# Calculate the volume of carbon dioxide gas lost at 25 degrees and 100kPa?

## Initial mass (g) = 125.5 Final mass (g) = 124.8 Change in mass (g) = 0.7

Feb 3, 2018

$0.38 L$, or $380 c {m}^{3}$ lost.

#### Explanation:

Use the Ideal Gas Law:

$P V = n R T$

For the initial mass of $C {O}_{2}$:

Remember, the formula for moles, $n$, is $n = \frac{m}{M}$, where $m$ is the given mass and $M$ the molar mass.

$M = 44.01 \frac{g}{\text{mol}}$

Here, $m = 125.5 g$.

So $n = \frac{125.5}{44.01} = 2.85 \text{mol}$.

So now, we can rearrange the gas law:

$V = \frac{n R T}{P}$

$V = \frac{2.85 \cdot 8.314 \cdot 298.15}{100}$

$V = 70.65 L$ of carbon dioxide before the loss.

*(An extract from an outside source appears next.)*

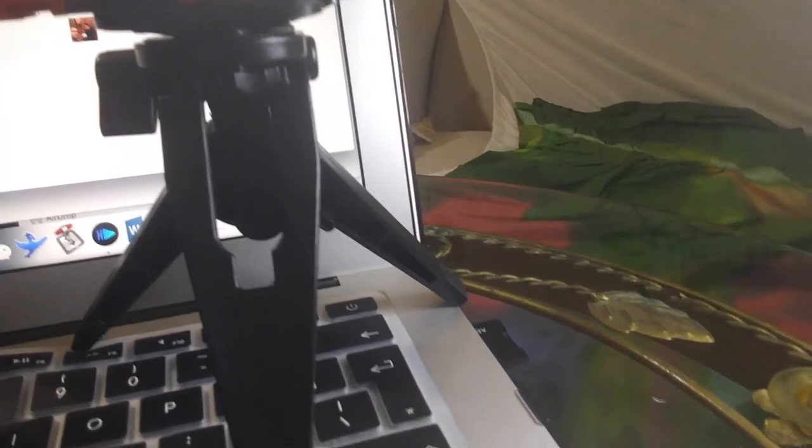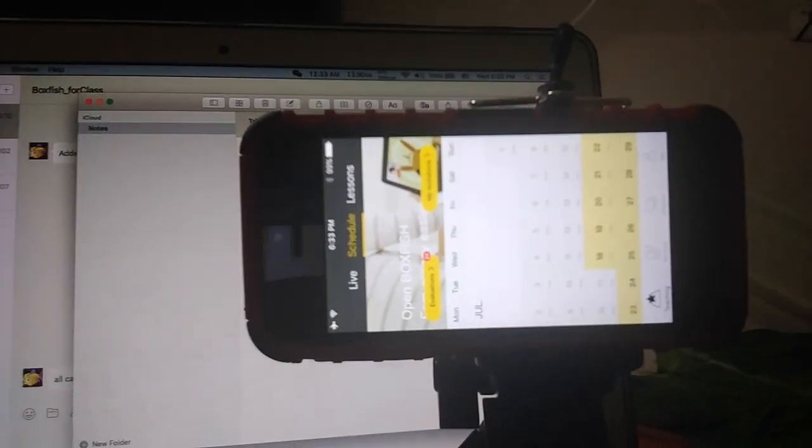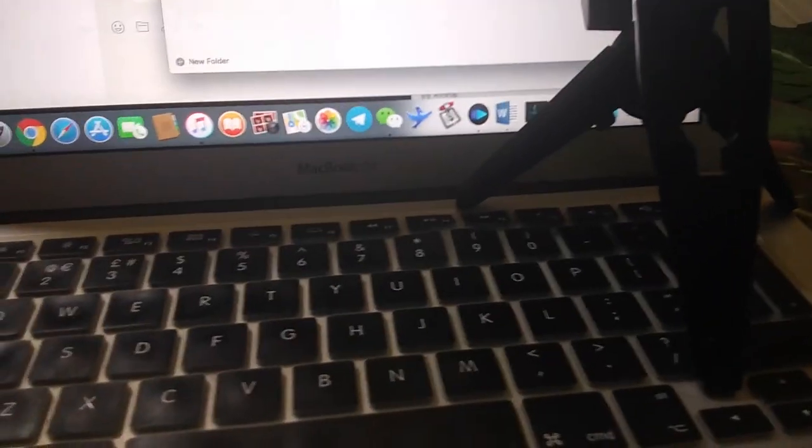The other thing I wanted to talk about was this tripod. This tripod cost me a total of $2. This tripod is completely adjustable. The way I have it set up is so that it falls right in between the arrow key and the alt key below the shift key. This allows me to have all the ports accessible on the side for my headphones, for the charger, and also the camera is positioned in a way that the students can see me and I can see them very clearly. This allows me to type and do all the gestures without any problem. It's really an invaluable tool. $2 only — don't skimp out on this.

For the final mass of $C {O}_{2}$:

Here, $m = 124.8 g$

So $n = \frac{124.8}{44.01} = 2.835 \text{mol}$

$V = \frac{n R T}{P}$

$V = \frac{2.835 \cdot 8.314 \cdot 298.15}{100}$

$V = 70.27 L$ of carbon dioxide after loss.

Therefore, the total loss must be ${V}_{\text{final"-V_"initial}}$.

So the loss is equal to $70.65 - 70.27 = 0.38 L$.